After more thought, It now seems to be than if I know the sun's azimuth and elevation then I can subtract the az and el of the panel to determine the angle of the sun to the panel. Now my next step is to calculate the azimuth and elevation of the sun for each hour of any given day. I don’t know how I will do that.
Let me try and simplify it, and if you still have questions, please ask:

(1) The sun's declination (delta) varies through the year from +23.5 degrees to -23.5 degrees. You can either look it up, or you can calculate it from the formula:
delta = 23.5 * sin(days from the spring equinox * 360 / 365)

or, as you said in post #4:

delta = (23.45 degrees) * sin( (360 degrees) * (284 + n ) / 365 )

where n is the day of the year (Thanks to Tom.G for correcting this).

(2) The sun's hour angle (H) varies throughout the day. It is zero degrees at local noon, and changes at 15 degrees per hour. So one hour before local noon it is -15 degrees and three hours after local noon it is +45 degrees, and so on.

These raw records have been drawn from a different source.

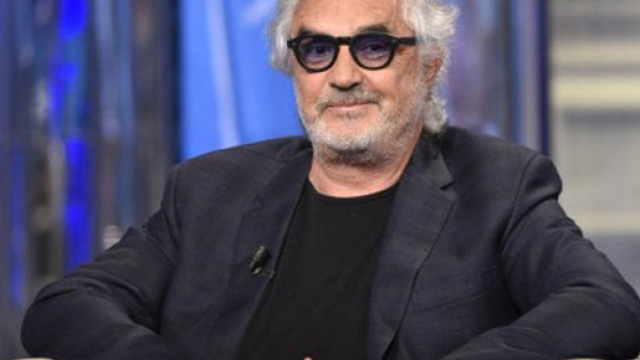 Il manager internazionale Flavio Briatore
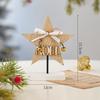 Christmas Ornaments Christmas Tree Bells Tabletop Ornaments Living Room Holiday Dress Christmas Angel Ornaments Scene Arrangement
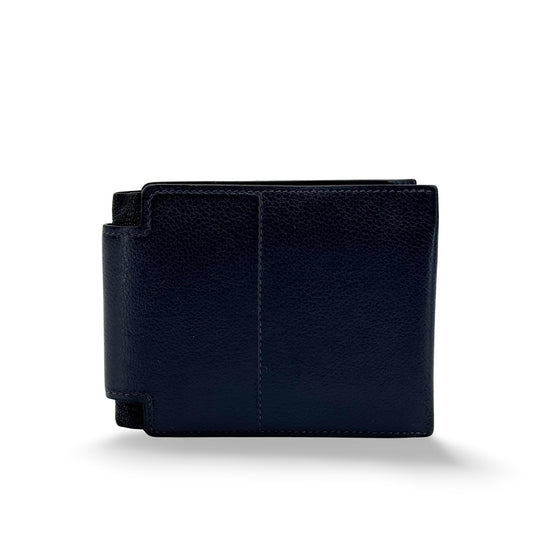 Hermès Pocket Compact Wallet Navy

(3) Once you know the sun's declination and hour angle (and your latitude, which I assume you know), you can calculate the sun's altitude and azimuth from the following fomulas:

alts=arcsin(sin(delta)*sin(lat)+cos(delta)*cos(lat)*cos(H))
azs=arcsin(sin(H)*cos(delta)/cos(alts))

(4) Next you need to know the altitude and azimuth of the point your solar panels are pointing at. For the parameters you gave these values are:

south facing panels:
altp = 68 degrees
azp = 0

west facing panels:
altp = 68 degrees
azp = 90 degrees

(5) Now given the altitude and azimuth of the sun and the altitude and azimuth of the panel, you have two points on the sky, and you can calculate the angle between them. This is a problem in spherical trigonometry and is not given by simply taking the difference in altitude and the difference in azimuth. The formula for the angle is:

angle = arccos(cos(90-alts)*cos(90-altp)+sin(90-alts)*sin(90-altp)*cos(azs-azp))

or, more simply:

angle = arccos(sin(alts)*sin(altp)+cos(alts)*cos(altp)*cos(azs-azp))

Last edited:
Tom.G
An added term and a little bit of history.
delta = 23.5 * sin(days from the spring equinox)
Don't you need: delta = 23.5 * sin([days from spring equinox] * [degrees per day])
With [degrees per day] = [360/365] and,
[days from spring equinox] = (day of year) -81 Note: Spring equinox is on year day 81

This is shown in post #4 as:
declination = (23.45 degrees) * sin( (360 degrees) * (284 + n ) / 365 )
Where the "+ 284" is an optimization that originally was "- 81". Since the sin function wraps at 360°, the end result is the same, with the advantage that addition is simpler than the subtraction when calculating manually.

phyzguy
An added term and a little bit of history.

Don't you need: delta = 23.5 * sin([days from spring equinox] * [degrees per day])
With [degrees per day] = [360/365] and,
[days from spring equinox] = (day of year) -81 Note: Spring equinox is on year day 81

This is shown in post #4 as:

Where the "+ 284" is an optimization that originally was "- 81". Since the sin function wraps at 360°, the end result is the same, with the advantage that addition is simpler than the subtraction when calculating manually.
Of course. Thanks for the correction. I edited my post.